Stored data

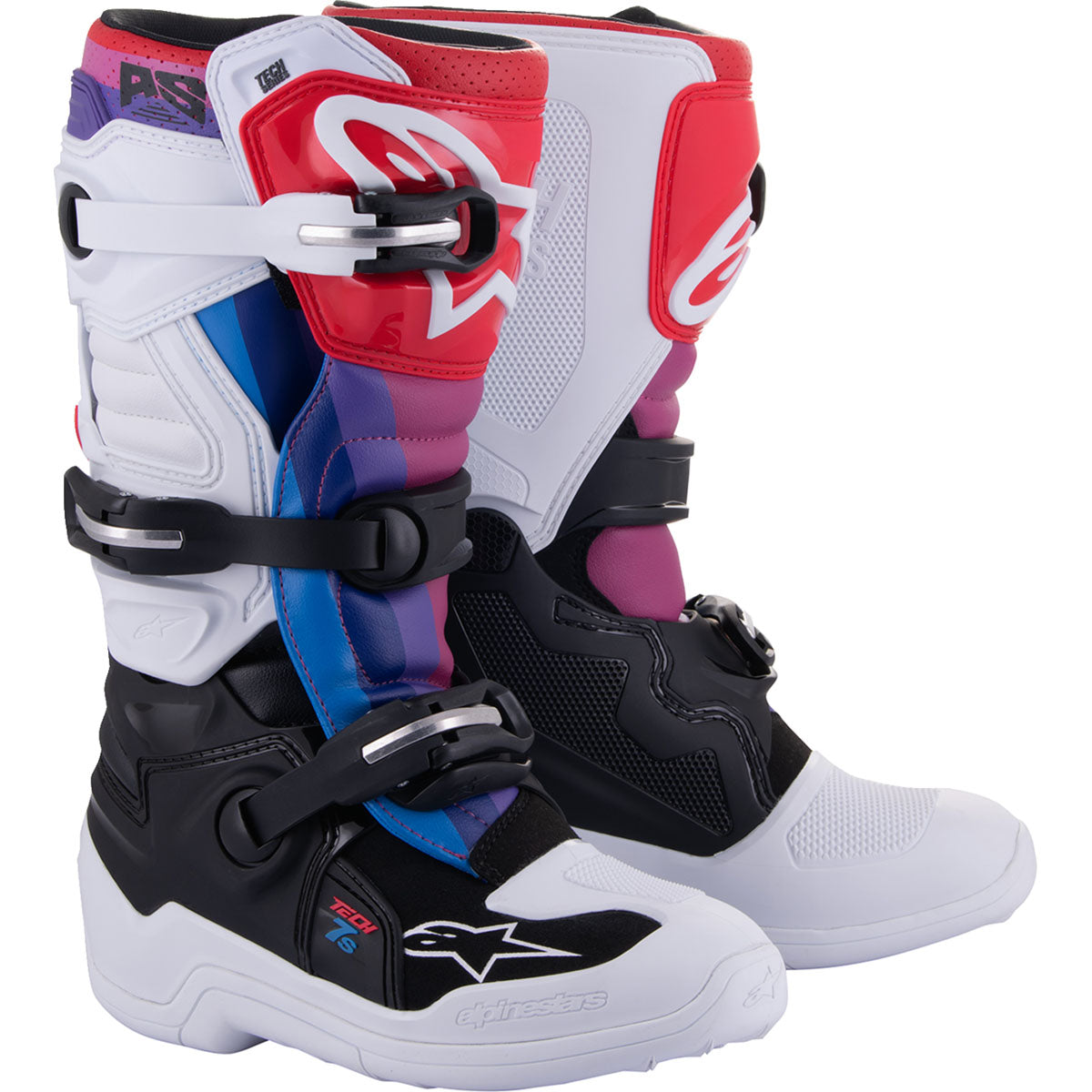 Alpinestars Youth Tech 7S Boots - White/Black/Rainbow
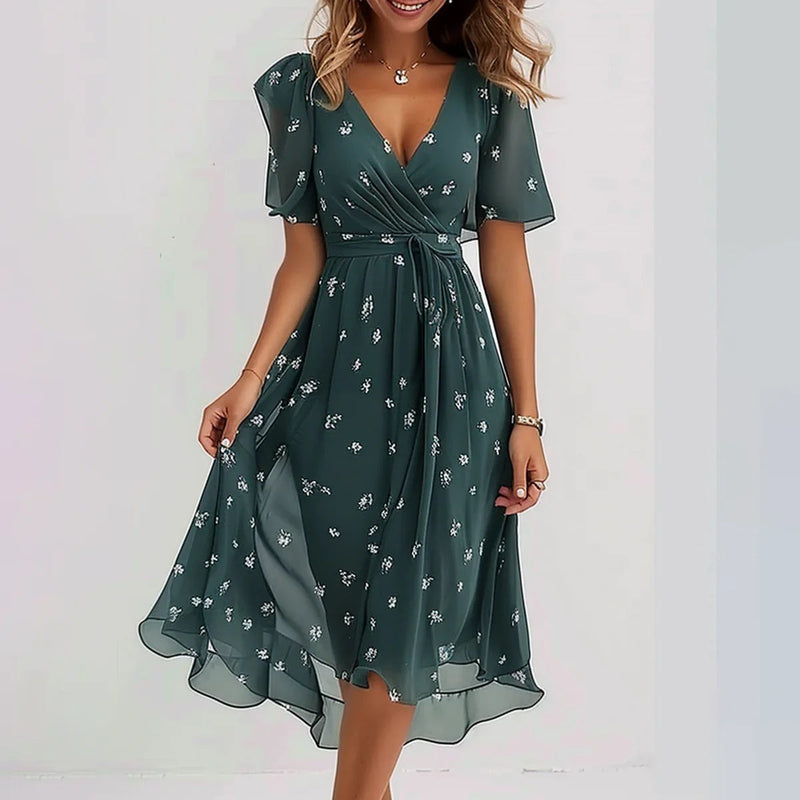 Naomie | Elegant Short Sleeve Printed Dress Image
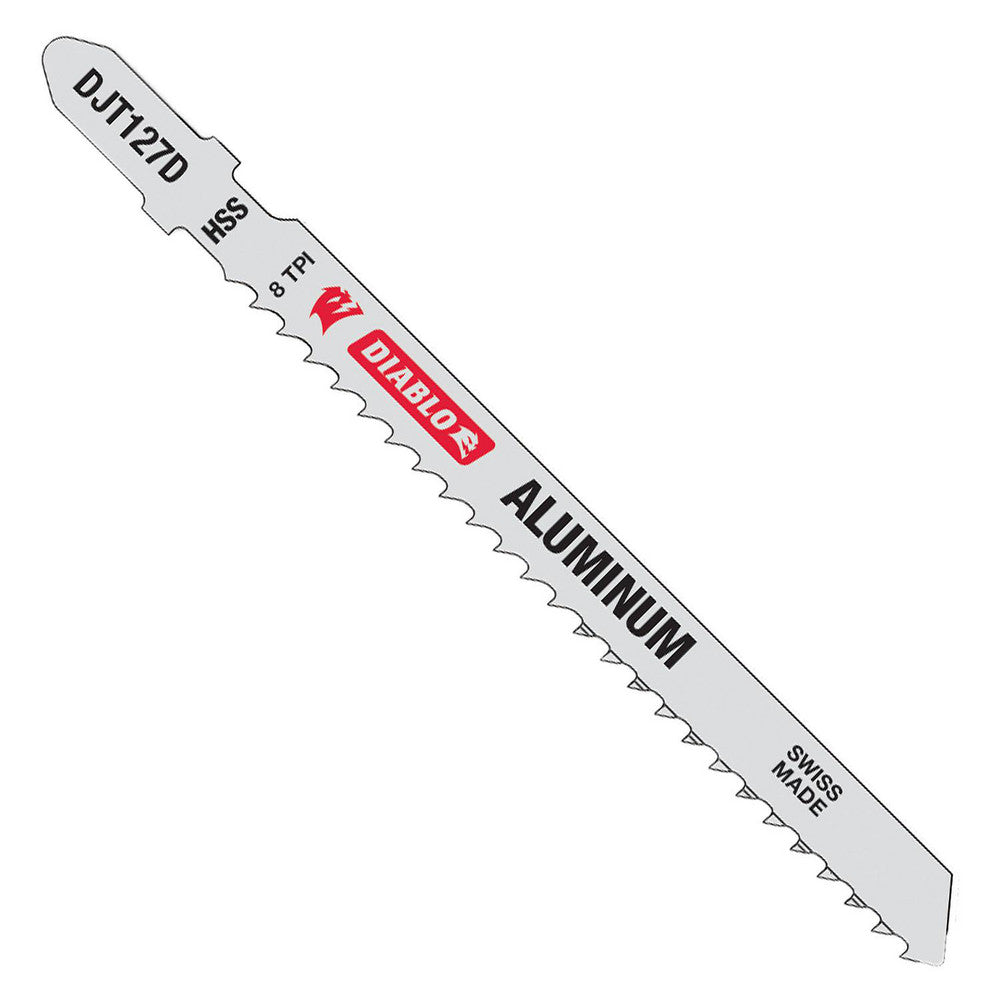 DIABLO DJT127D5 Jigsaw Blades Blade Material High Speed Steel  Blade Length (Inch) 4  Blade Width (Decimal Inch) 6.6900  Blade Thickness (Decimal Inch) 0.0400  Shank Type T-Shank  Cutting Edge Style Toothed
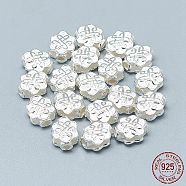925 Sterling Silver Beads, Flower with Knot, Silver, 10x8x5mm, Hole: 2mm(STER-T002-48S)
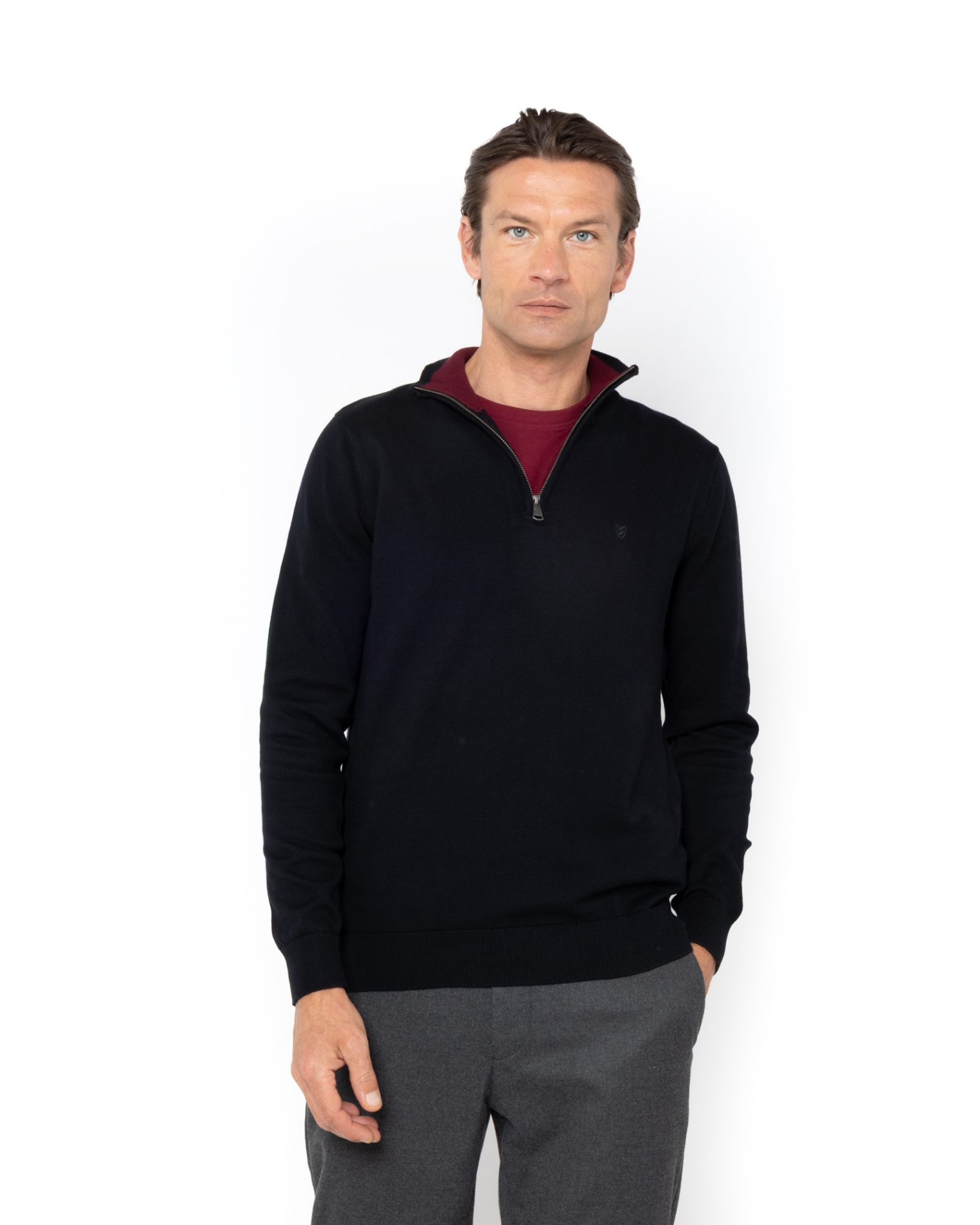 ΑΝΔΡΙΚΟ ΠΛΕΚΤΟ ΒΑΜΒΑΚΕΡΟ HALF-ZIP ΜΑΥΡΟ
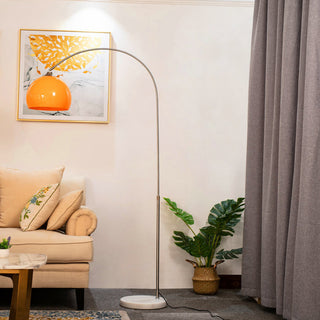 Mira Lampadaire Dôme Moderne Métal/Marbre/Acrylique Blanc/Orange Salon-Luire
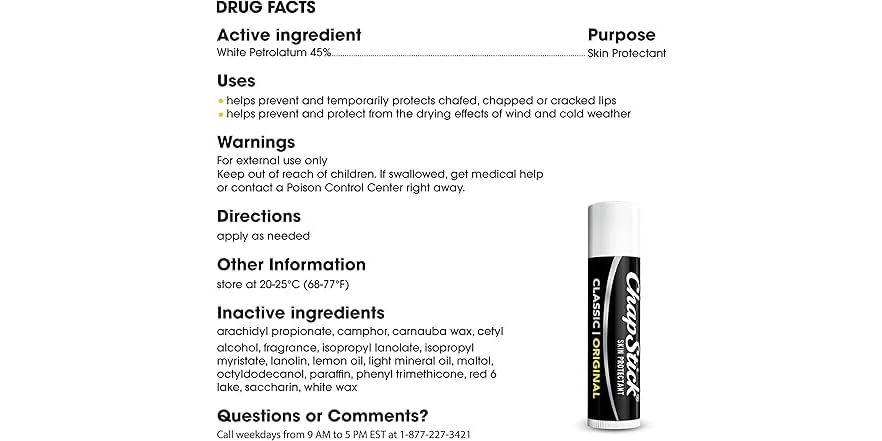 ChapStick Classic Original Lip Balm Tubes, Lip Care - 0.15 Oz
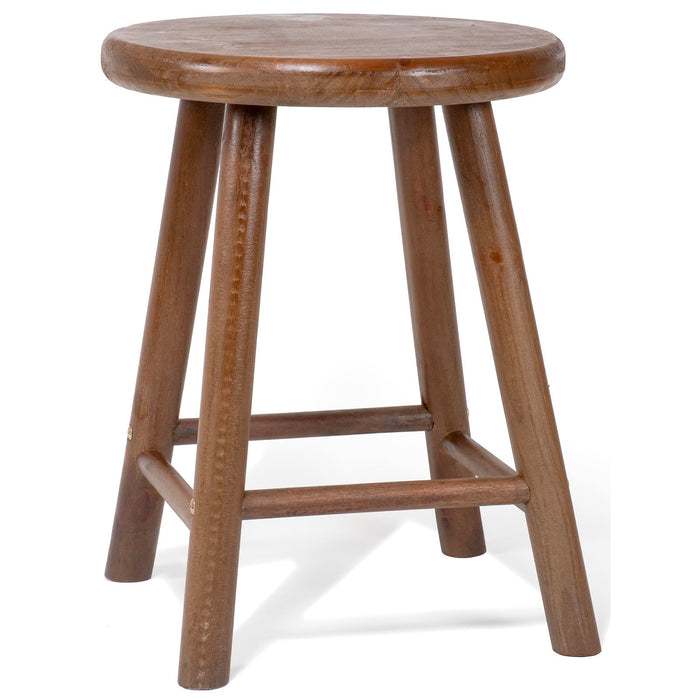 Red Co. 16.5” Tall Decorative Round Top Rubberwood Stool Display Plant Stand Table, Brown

### TASK
Please give again the entries word for word, starting at the first line and ending with the line that contains "Mira Lampadaire Dôme"; include both of those lines but none of the pictures.

### TASK ANSWER
 Alpinestars Youth Tech 7S Boots - White/Black/Rainbow
 Naomie | Elegant Short Sleeve Printed Dress Image
 DIABLO DJT127D5 Jigsaw Blades Blade Material High Speed Steel  Blade Length (Inch) 4  Blade Width (Decimal Inch) 6.6900  Blade Thickness (Decimal Inch) 0.0400  Shank Type T-Shank  Cutting Edge Style Toothed
925 Sterling Silver Beads, Flower with Knot, Silver, 10x8x5mm, Hole: 2mm(STER-T002-48S)
 ΑΝΔΡΙΚΟ ΠΛΕΚΤΟ ΒΑΜΒΑΚΕΡΟ HALF-ZIP ΜΑΥΡΟ
 Mira Lampadaire Dôme Moderne Métal/Marbre/Acrylique Blanc/Orange Salon-Luire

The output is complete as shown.